The total cost of a transaction that creates a contract or executes a contract is based on 2 factors:
gasUsed is the total gas that is consumed
gasPrice specified in the transaction
Total cost = gasUsed * gasPrice
Each operation in the EVM was assigned a number of how much gas it consumes.
gasUsed is summing up all the gas for all the operations executed. There is a spreadsheet which offers a glimpse to some of the analysis behind them.
gasUsed, there is an estimateGas API that can be used but has some caveats.

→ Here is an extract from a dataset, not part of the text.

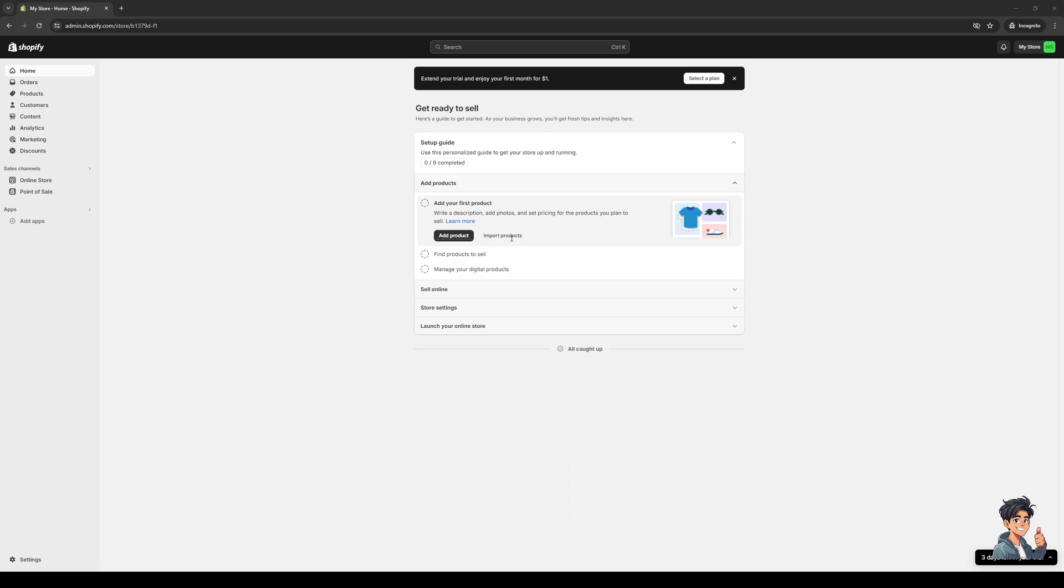One Click Social Login is a site builder that has a built-in social login widget that you can add to your Shopify store, or we can use something else like Elementor for example.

A user constructs and signs a transaction, and each user may specify whatever
gasPrice they desire, this includes zero. However, the Ethereum clients launched at Frontier had a default gasPrice of 0.05e12 wei. As miners optimize for their revenue, if most transactions are being submitted with a gasPrice of 0.05e12 wei, it would be difficult to convince a miner to accept a transaction that specified a lower, or zero, gasPrice. How the default was chosen is asked in this question.
Let's take a contract that just adds 2 numbers. From the spreadsheet above
ADD consumes 3 gas.
The approximate cost, using the default gas price, would be:
3 * 0.05e12 = 1.5e11 wei
Since 1 Ether is 1e18 wei, the total cost would be 0.00000015 Ether.
This is a simplification since it ignores some costs, such as the cost of passing the 2 numbers to contract, before they can even be added.